• Dataset records:
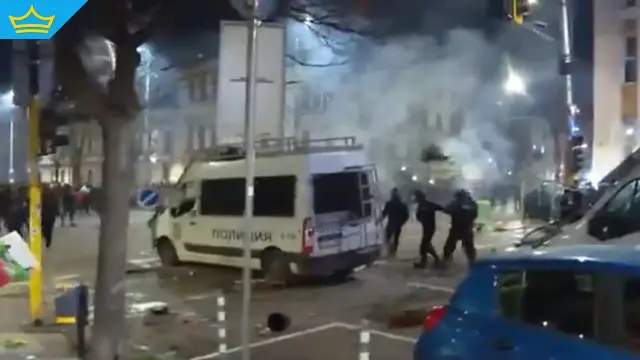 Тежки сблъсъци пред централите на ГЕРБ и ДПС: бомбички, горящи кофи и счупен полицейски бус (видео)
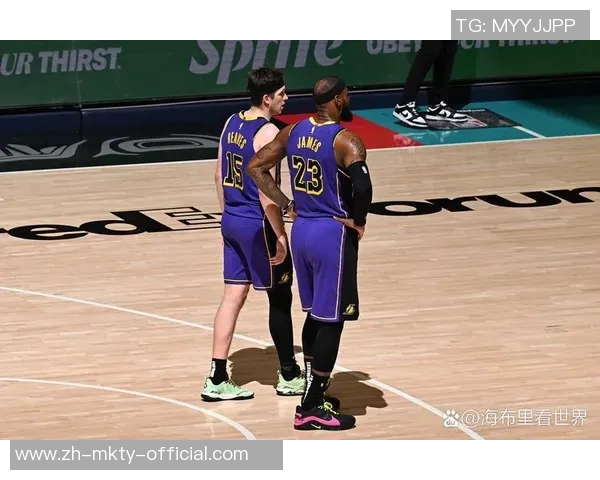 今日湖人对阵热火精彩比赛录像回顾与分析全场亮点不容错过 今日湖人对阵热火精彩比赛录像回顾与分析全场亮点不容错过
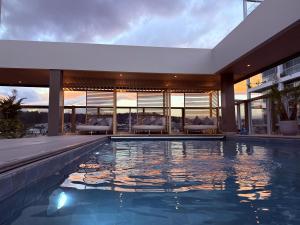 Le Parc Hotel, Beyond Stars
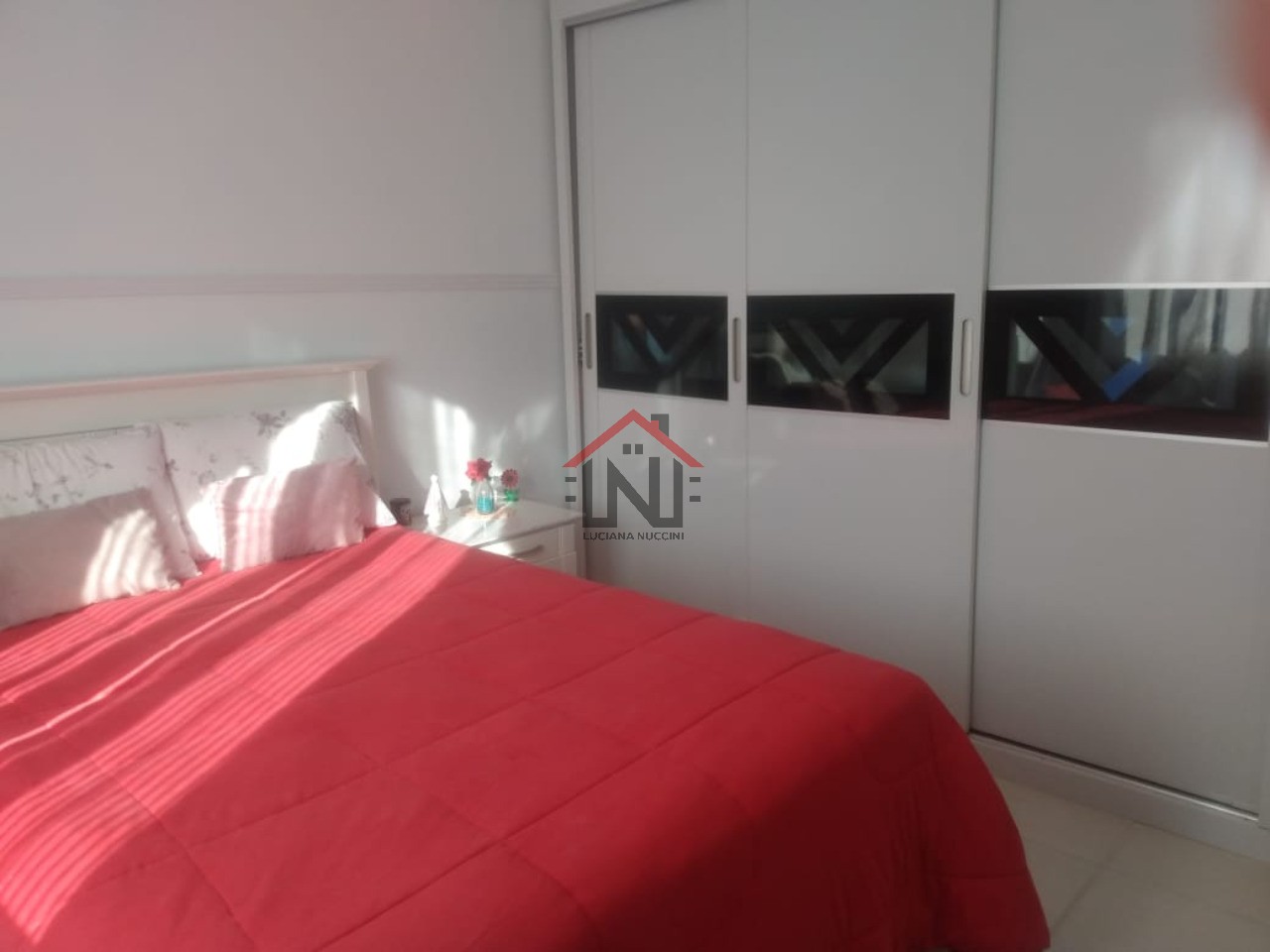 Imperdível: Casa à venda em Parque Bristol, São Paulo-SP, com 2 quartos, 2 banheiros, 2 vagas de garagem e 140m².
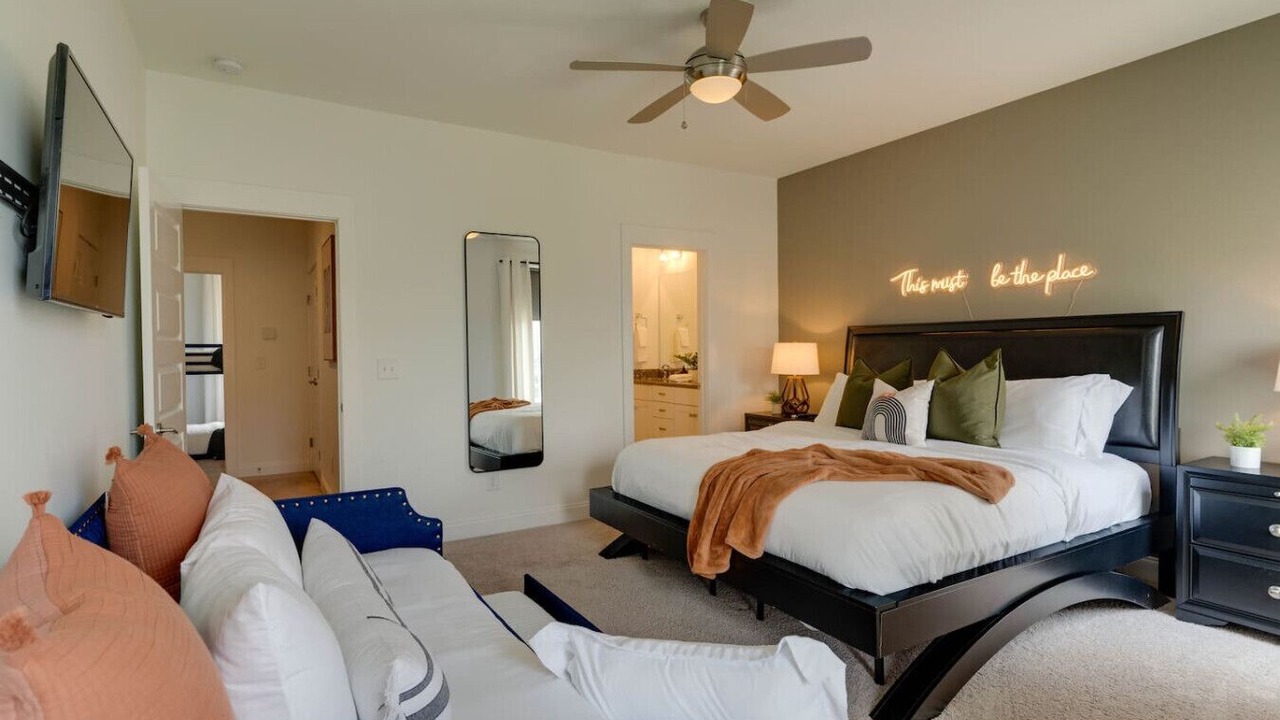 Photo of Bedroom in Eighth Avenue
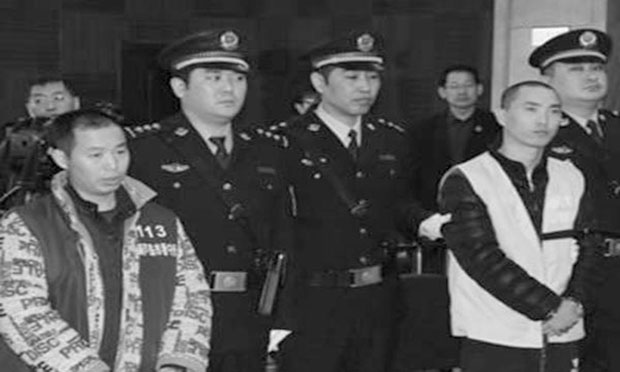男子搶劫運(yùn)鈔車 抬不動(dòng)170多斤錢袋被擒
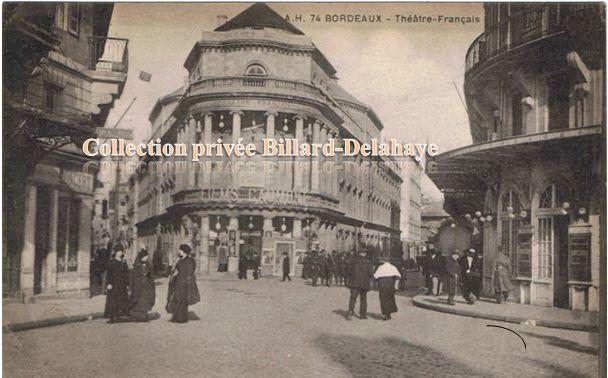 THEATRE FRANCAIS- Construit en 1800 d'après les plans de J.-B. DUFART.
---
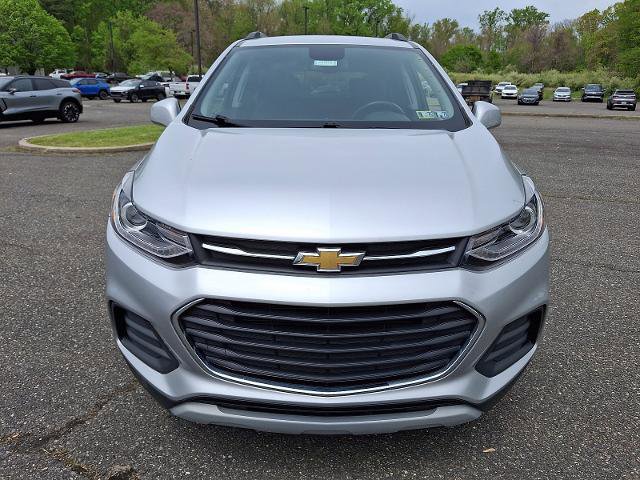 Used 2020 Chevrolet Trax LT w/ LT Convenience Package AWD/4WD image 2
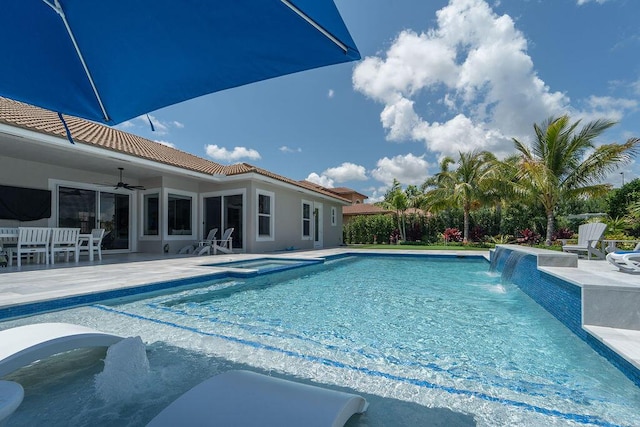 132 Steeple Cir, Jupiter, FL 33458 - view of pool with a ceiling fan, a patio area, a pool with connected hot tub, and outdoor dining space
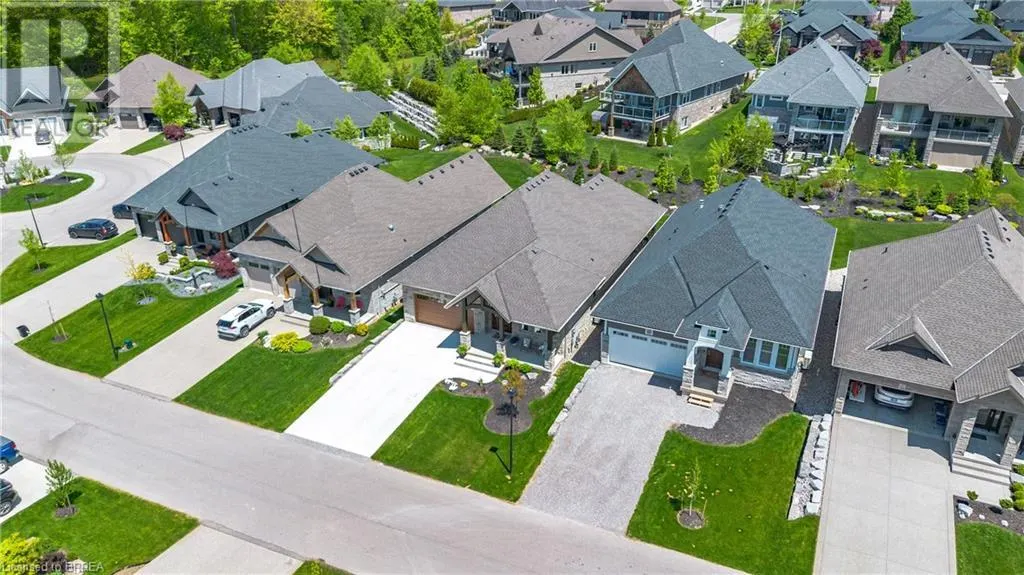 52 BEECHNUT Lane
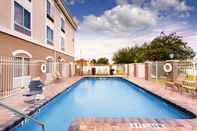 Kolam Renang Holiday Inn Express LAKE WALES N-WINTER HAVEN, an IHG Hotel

• Problem statement:
Going back to the data above, write out everything from the line with "男子搶劫運(yùn)鈔車 抬不動(dòng)170多斤錢袋被擒" down to the line with "THEATRE FRANCAIS- Construit", both included, leaving every picture out.

• Answer:
男子搶劫運(yùn)鈔車 抬不動(dòng)170多斤錢袋被擒
 THEATRE FRANCAIS- Construit en 1800 d'après les plans de J.-B. DUFART.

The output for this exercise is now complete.